Hallo miteinander, ich bin werdender Fachinformatiker im Praktikum und stehe öfters mal vor so manchem Problem. Die Zeit ist meist knapp und in meinem Betrieb ist leider nur der Chef ein Programmierer aber wie chef´s so sind hat er selten Zeit.
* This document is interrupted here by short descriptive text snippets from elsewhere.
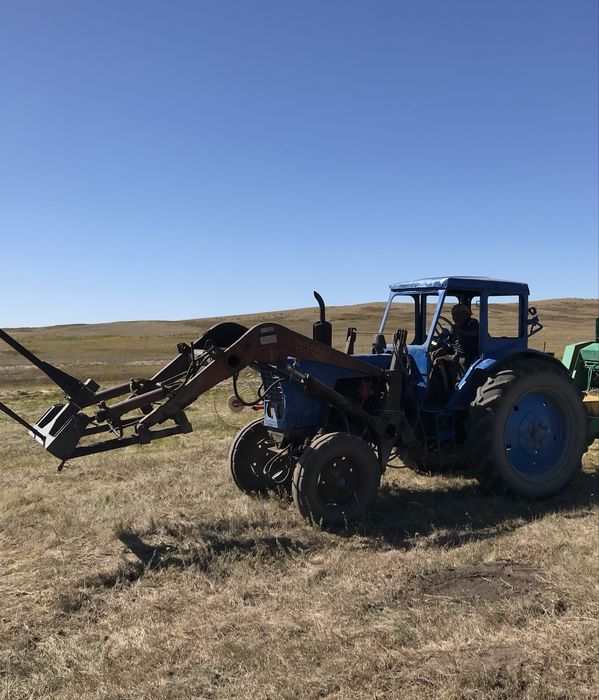 Продам трактор с прицепом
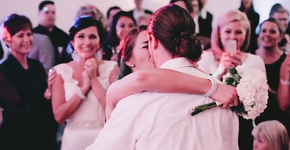 Mulher recebe pedido de casamento durante cerimônia de sua melhor amiga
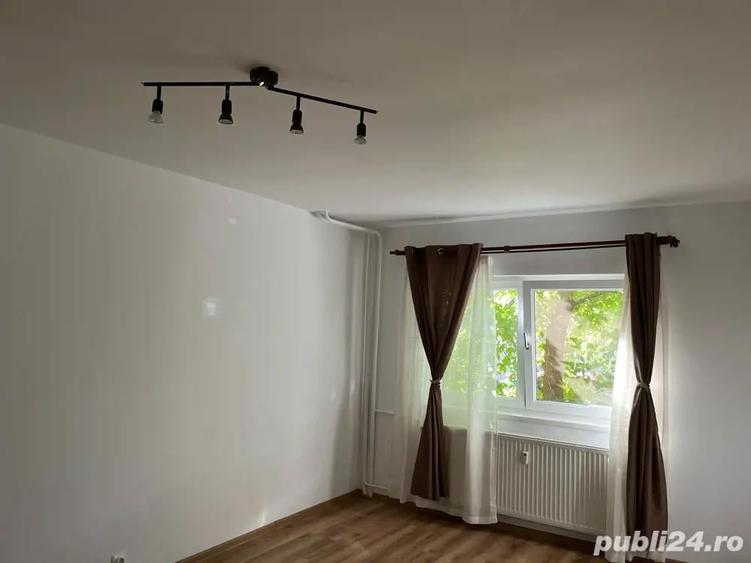 Inchiriez garsoniera confort I - 1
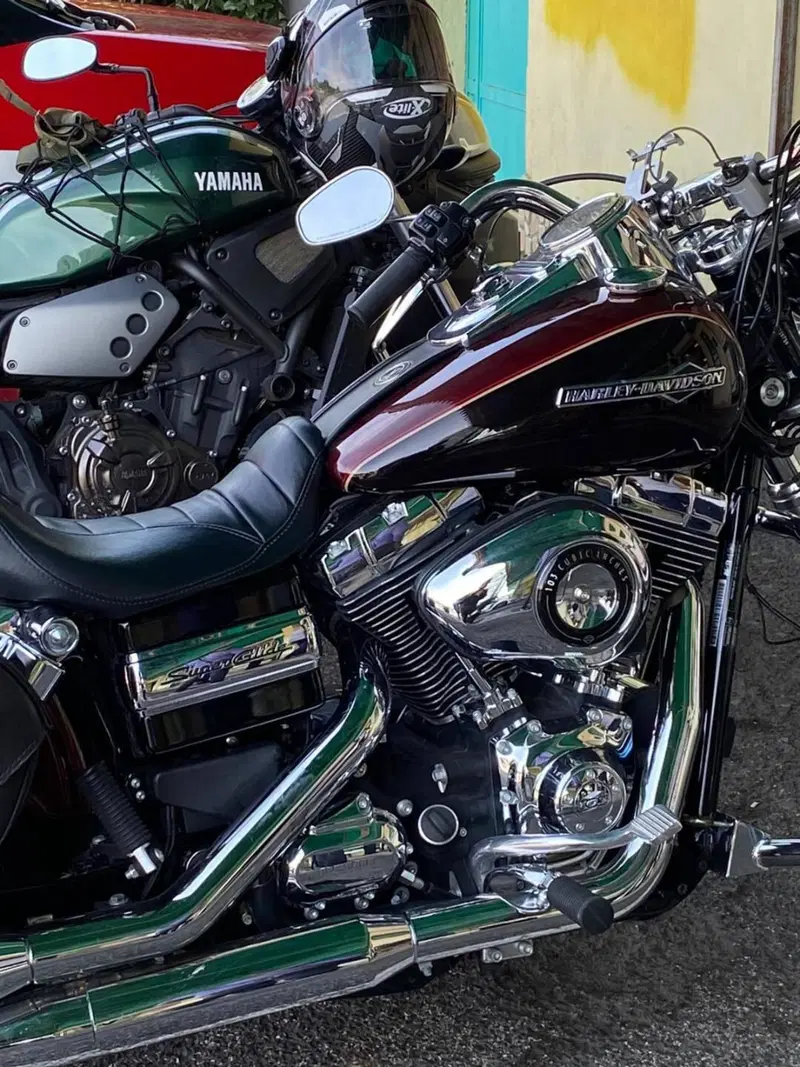 Harley-Davidson 1690 Super Glide Custom (2014) - FXDC (2)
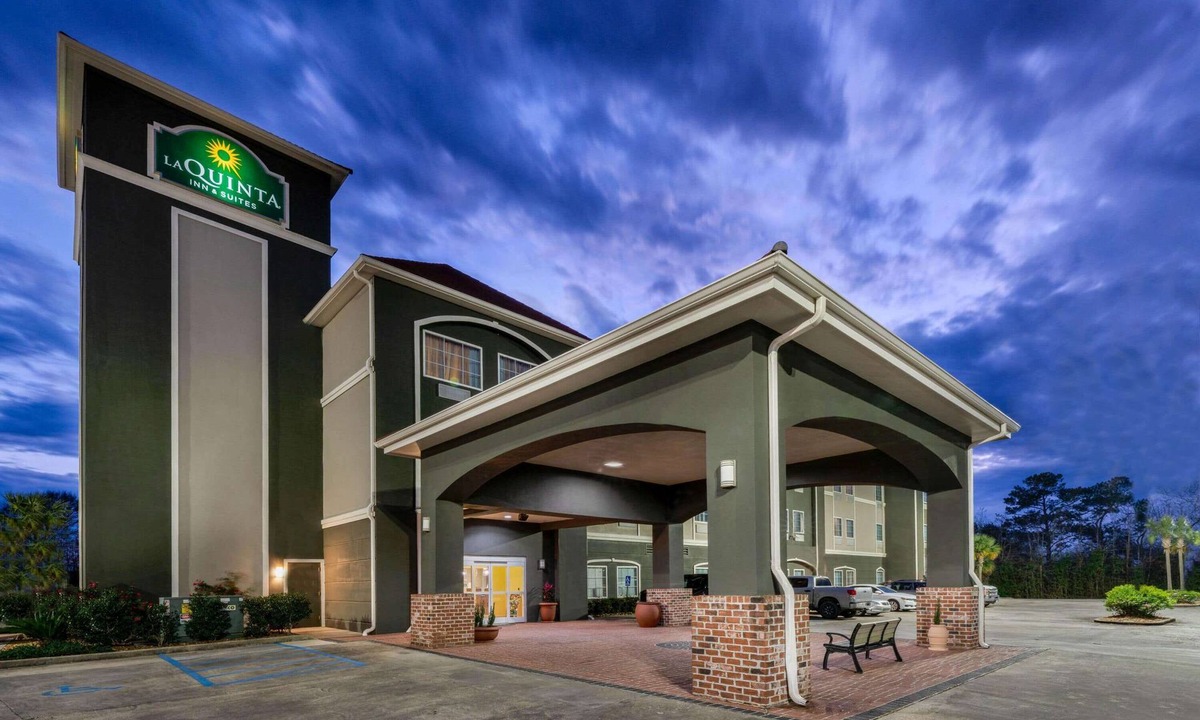 Broussard Hotel | La Quinta Inn & Suites by Wyndham Broussard - Lafayette Area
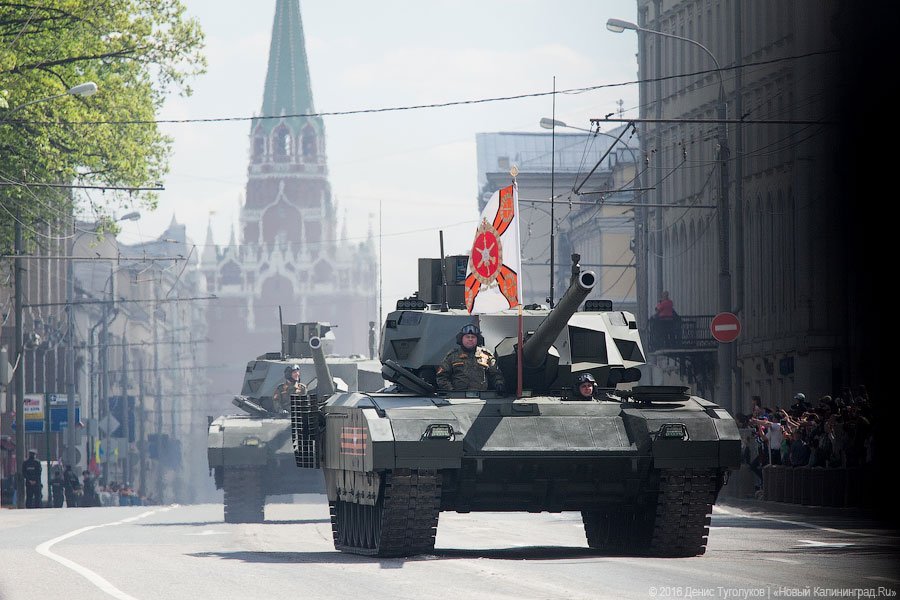 Мчатся самолеты ниже облаков: репетиция Парада Победы в Москве (фото)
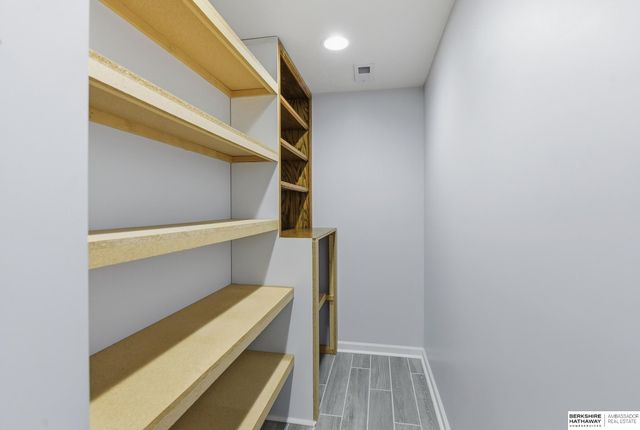 21201 Brentwood Road, Elkhorn, NE 68022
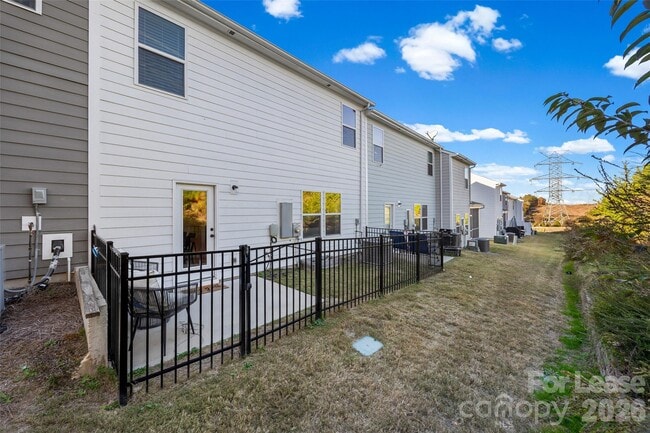 Building Photo - 1140 Streamside Ln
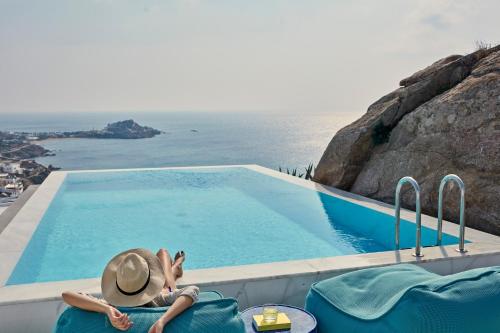 luxury hotels in Platis Yialos Mykonos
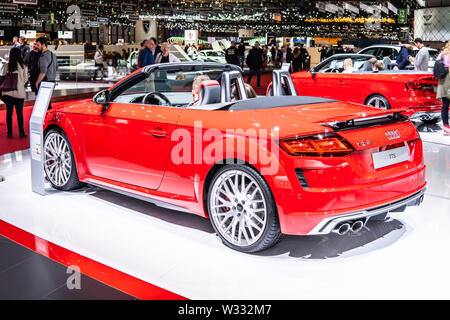 Ginevra, Svizzera, Mar 2019 rosso metallizzato Audi TTS Quattro Cabrio a Ginevra International Motor Show, prodotto dalla tedesca produttore di automobili Audi Foto Stock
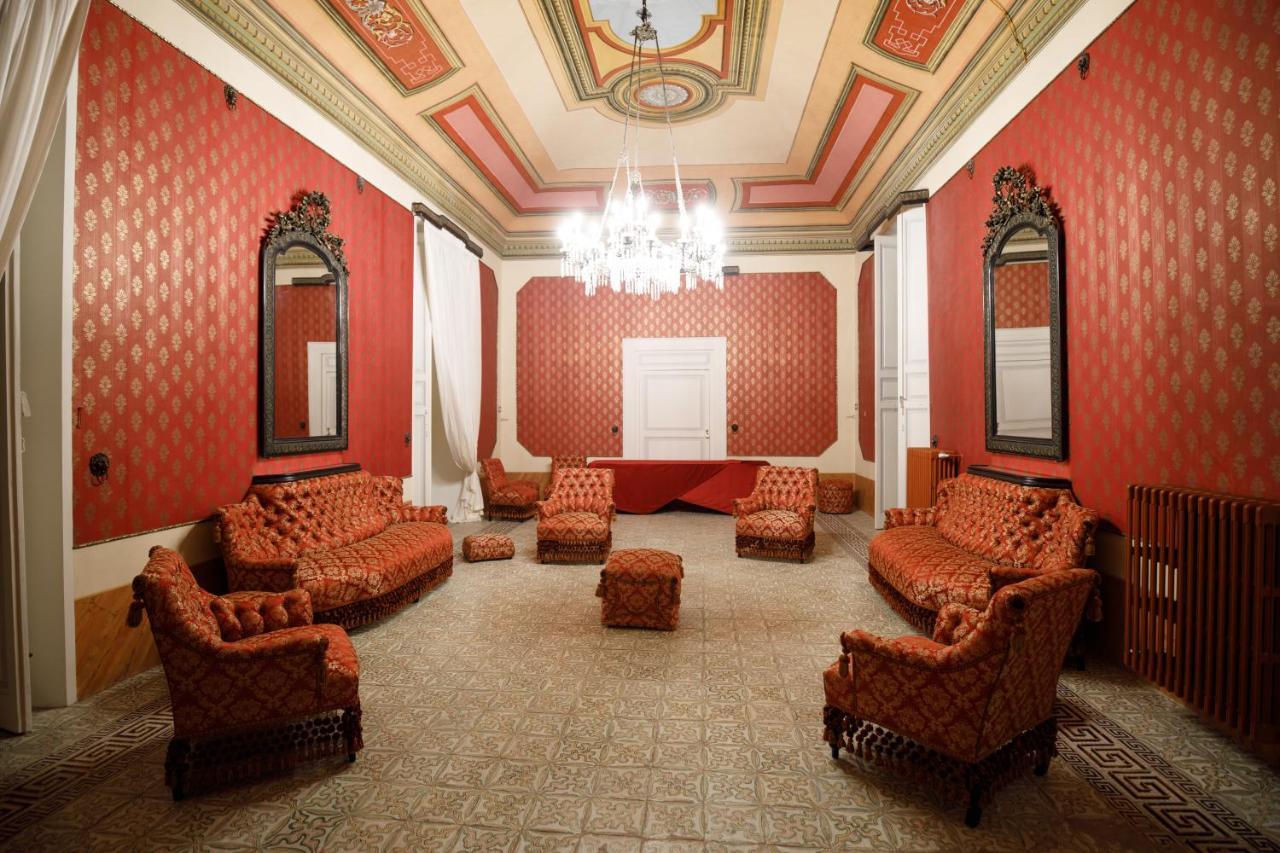 Bed and Breakfast Palazzo Introna Mola di Bari Exterior foto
Desshalb frage ich mal hier ob mir jemand vielleicht helfen kann.

Ich arbeite mich gerade durch ein Buch von Galileo Press (Professionell entwickeln mit Java EE7) und versuche mir gerade den Umgang JavaPersistenceAPI beizubringen weil ich im Rahmen meines Praktikums eine JSF - Web-Aplikation mit Datenbankanbindung entwickeln soll.

zum Problem:

Ich habe eine EJB erstellt in der einfach nur ein EntityManager Objekt erstellt wird, es wird abgefragt ob eine Verbindung besteht und bei bestehender Verbindung der String "true" zurückgegeben.

Diesen String frage ich über eine EL-Expression in der index.xhtml ab.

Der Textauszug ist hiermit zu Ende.